When you get a PR at a race or crush that loop you always ride at a quicker clip than ever, you might think you’re working at the limit of your abilities. Chances are high that you’re not, Kelly suggests. Mastering nose breathing, reducing stiffness, and adjusting posture to allow you to breathe easier may help you ride more, push more intensely (both aerobically and strength-wise) and recover more effectively.

“Ventilation and an awareness of rib cage and upper back expansion is especially impactful in an aerobic-based sport, like biking,” Kelly summarises. “Ultimately, whoever does the most work and remains the freshest wins,” and increasing ventilation can help you be that winner.
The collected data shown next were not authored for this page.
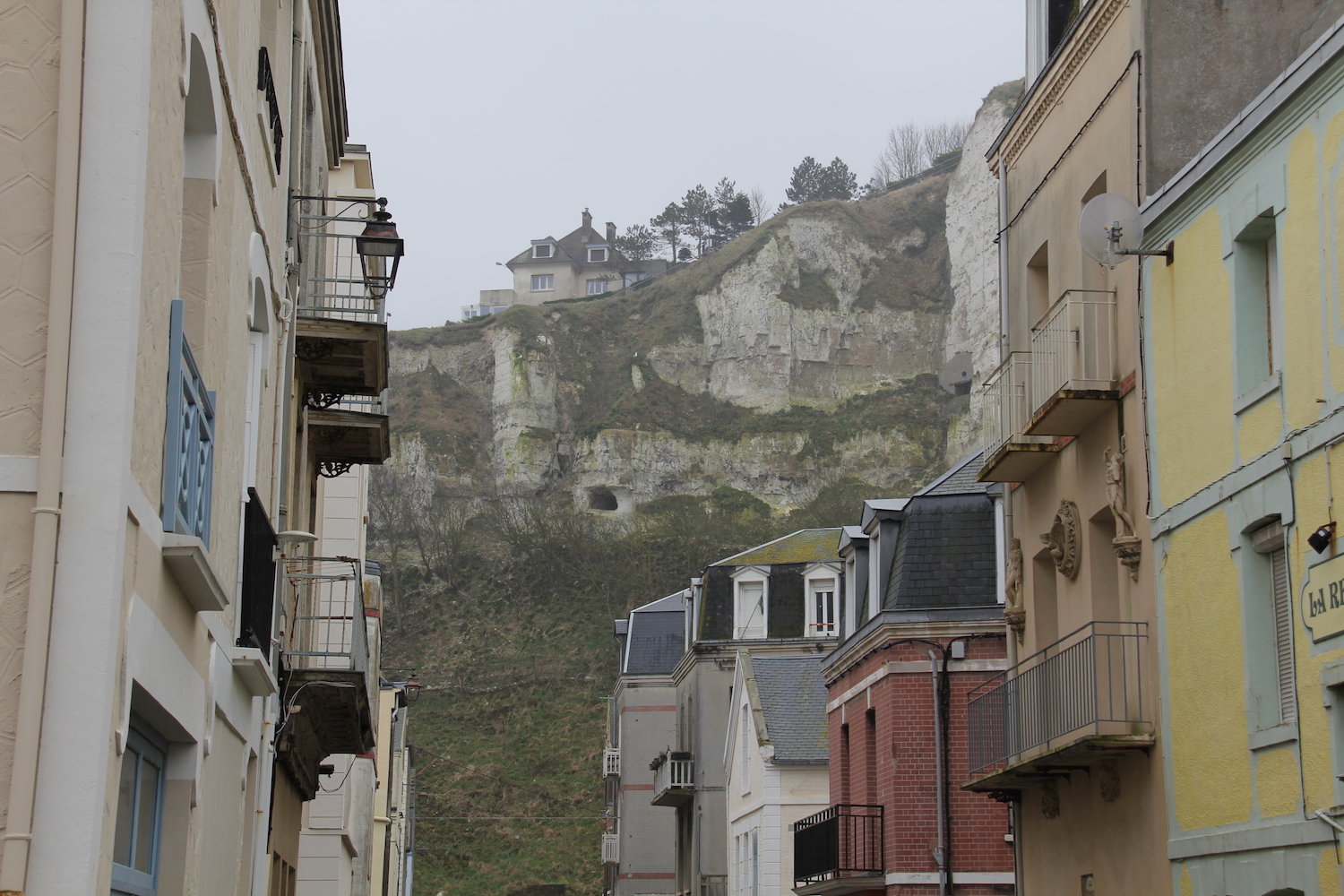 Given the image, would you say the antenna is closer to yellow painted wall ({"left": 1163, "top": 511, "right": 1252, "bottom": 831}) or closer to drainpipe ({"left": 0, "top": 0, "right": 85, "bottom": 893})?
yellow painted wall ({"left": 1163, "top": 511, "right": 1252, "bottom": 831})

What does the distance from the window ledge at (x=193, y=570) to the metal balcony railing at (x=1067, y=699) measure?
6.81 m

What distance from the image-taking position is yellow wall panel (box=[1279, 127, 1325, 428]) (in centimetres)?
896

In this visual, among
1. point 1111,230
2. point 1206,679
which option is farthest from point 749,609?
point 1206,679

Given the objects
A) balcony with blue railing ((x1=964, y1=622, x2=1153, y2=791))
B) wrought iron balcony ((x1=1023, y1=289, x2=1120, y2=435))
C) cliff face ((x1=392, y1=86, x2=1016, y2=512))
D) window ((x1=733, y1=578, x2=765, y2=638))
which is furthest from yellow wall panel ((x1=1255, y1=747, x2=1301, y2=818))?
cliff face ((x1=392, y1=86, x2=1016, y2=512))

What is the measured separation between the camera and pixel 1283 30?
11.9 meters

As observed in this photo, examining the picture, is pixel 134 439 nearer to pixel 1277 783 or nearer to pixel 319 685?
pixel 1277 783

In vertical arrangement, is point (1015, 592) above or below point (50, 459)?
above

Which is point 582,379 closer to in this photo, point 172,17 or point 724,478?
point 724,478

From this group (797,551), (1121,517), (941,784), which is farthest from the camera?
(797,551)

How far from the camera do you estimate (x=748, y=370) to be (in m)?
107

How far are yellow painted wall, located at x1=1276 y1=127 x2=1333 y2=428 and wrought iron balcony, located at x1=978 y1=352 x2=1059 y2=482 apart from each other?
4133mm

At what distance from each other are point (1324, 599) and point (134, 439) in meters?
6.58

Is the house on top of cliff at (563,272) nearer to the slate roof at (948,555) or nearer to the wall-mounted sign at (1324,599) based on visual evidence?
the slate roof at (948,555)

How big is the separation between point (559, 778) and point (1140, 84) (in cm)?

Consider adding these three exercises to your training routine to help you feel unstoppable even on the steepest and toughest parts of your ride.

1. Trunk Mobilisation

man propped on shoulders lying on foam roller

Lie facedown on a foam roller or larger ball (like a volleyball), placed just below ribs and pressing on abdomen, arms in front of you. Inhale through nose for 4 seconds, hold breath for 4 seconds, and contract abs. Exhale for 5 or more seconds, relaxing the trunk. Take a breath or 2 between contract and relax cycles. Next, move side to side on the roller, still breathing slowly. If you find a tight spot, pause, contract the muscles, and inhale for 4 seconds, then exhale and relax for 8 seconds. Repeat this sequence for 10 minutes max.

2. T-Spine Mobilisation 1

man lying on back face up with hips and knees lifted off floor and small ball under back

Lie face up, knees bent, and feet planted. Place a small ball in middle of back, between spine and one shoulder blade. Start at neck area. Take a full breath in, then out. Next, try to lift hips off floor to create more pressure, making sure to maintain deep breathing. Hold for several minutes. Repeat with ball on other side of spine.

3. T-Spine Mobilisation 2

person lying on back with hand raised above head and small ball under shoulders

Lie face up, knees bent, and feet planted. Place a small ball on right side of back, at base of neck, just at the top of shoulder blade. Raise right arm overhead, and with thumb pointed down, drop hand down to floor behind you. Keep elbow close to head. Bring arm back down by side. Raise and lower arm at a comfortable speed, breathing as you go. Do 10 reps. Repeat with ball a little farther down back, at middle of shoulder blade. Repeat arm moving slowly up and down for 10 reps. Finally, repeat with ball farther down, at the bottom of shoulder blade. Repeat arm moving slowly up and down for 10 reps. Then repeat entire sequence on other side. To make the move more intense, raise hips off the floor in a bridge position.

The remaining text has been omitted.